I sat in the store, with nothing to do, all the rest of the forenoon; but, idle though I was, the time passed quickly enough. What between looking out of the window at the busy life upon the street—a spectacle of extreme novelty and interest to me—and thinking about my own affairs and the great change that had suddenly come over them, my mind had plenty to occupy it; and I was quite surprised when all at once the clocks, of which there must have been at least a dozen in the shop, began to strike twelve. Thus far not one customer had presented himself. Just at this instant, however, the shop door opened, and the bell above it sounded. I got up to go and call Mr. Finkelstein; but when I looked at the person who had entered, I saw that it was no customer, after all. It was that same pretty little girl whom I had noticed behind the counter at Mr. Flisch's.

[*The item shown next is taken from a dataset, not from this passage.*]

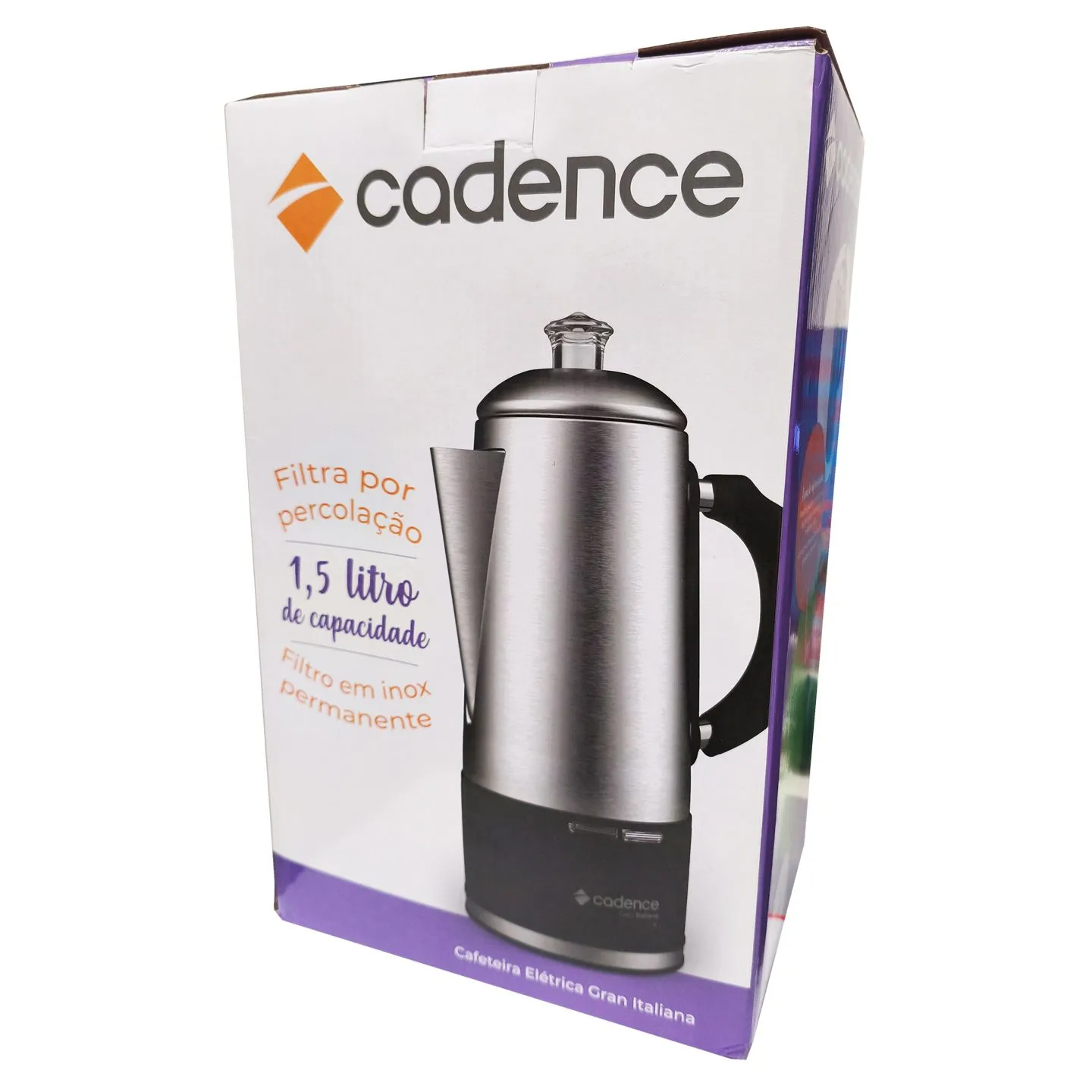 CAFETEIRA ITALIANA GRAN CADENCE INOX 1,5L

“I came to tell Mr. Flisch that his dinner is ready,” she announced, in that clear, sweet voice of hers.
“I'll go tell him,” said I.
I went into the back room, where the air was blue with tobacco smoke, and where the two old gentlemen were seated over their cards, and spoke to Mr. Flisch.
“All right, Sonny; I come right away,” he answered; and I returned to the store.
The little girl was still there, standing where I had left her.
“Mr. Flisch will come right away,” said I.